* [Required work]: From the first line to the last, reproduce the records exactly as they appear below.

[Short text fragments from websites]
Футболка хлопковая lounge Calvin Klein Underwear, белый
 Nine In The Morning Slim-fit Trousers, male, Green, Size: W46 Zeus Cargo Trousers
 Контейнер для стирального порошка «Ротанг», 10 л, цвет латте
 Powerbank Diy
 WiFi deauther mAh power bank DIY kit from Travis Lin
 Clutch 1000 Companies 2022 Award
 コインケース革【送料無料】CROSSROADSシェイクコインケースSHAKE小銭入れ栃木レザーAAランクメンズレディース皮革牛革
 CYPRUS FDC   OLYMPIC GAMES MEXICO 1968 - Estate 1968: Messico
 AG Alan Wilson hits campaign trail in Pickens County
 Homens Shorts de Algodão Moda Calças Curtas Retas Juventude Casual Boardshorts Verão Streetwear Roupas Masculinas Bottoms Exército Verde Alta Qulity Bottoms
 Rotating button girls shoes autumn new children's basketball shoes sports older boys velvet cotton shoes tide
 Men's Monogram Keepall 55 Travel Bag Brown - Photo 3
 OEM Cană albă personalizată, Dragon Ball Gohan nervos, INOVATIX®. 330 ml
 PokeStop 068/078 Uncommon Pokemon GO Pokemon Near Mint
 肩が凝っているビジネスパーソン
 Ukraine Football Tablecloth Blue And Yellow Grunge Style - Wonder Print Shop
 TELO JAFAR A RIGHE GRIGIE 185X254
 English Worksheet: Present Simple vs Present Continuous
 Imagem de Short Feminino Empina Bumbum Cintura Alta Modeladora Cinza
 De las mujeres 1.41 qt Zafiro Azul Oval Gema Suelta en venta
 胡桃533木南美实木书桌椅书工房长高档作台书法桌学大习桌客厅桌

* [Answer box]:
Футболка хлопковая lounge Calvin Klein Underwear, белый
 Nine In The Morning Slim-fit Trousers, male, Green, Size: W46 Zeus Cargo Trousers
 Контейнер для стирального порошка «Ротанг», 10 л, цвет латте
 Powerbank Diy
 WiFi deauther mAh power bank DIY kit from Travis Lin
 Clutch 1000 Companies 2022 Award
 コインケース革【送料無料】CROSSROADSシェイクコインケースSHAKE小銭入れ栃木レザーAAランクメンズレディース皮革牛革
 CYPRUS FDC   OLYMPIC GAMES MEXICO 1968 - Estate 1968: Messico
 AG Alan Wilson hits campaign trail in Pickens County
 Homens Shorts de Algodão Moda Calças Curtas Retas Juventude Casual Boardshorts Verão Streetwear Roupas Masculinas Bottoms Exército Verde Alta Qulity Bottoms
 Rotating button girls shoes autumn new children's basketball shoes sports older boys velvet cotton shoes tide
 Men's Monogram Keepall 55 Travel Bag Brown - Photo 3
 OEM Cană albă personalizată, Dragon Ball Gohan nervos, INOVATIX®. 330 ml
 PokeStop 068/078 Uncommon Pokemon GO Pokemon Near Mint
 肩が凝っているビジネスパーソン
 Ukraine Football Tablecloth Blue And Yellow Grunge Style - Wonder Print Shop
 TELO JAFAR A RIGHE GRIGIE 185X254
 English Worksheet: Present Simple vs Present Continuous
 Imagem de Short Feminino Empina Bumbum Cintura Alta Modeladora Cinza
 De las mujeres 1.41 qt Zafiro Azul Oval Gema Suelta en venta
 胡桃533木南美实木书桌椅书工房长高档作台书法桌学大习桌客厅桌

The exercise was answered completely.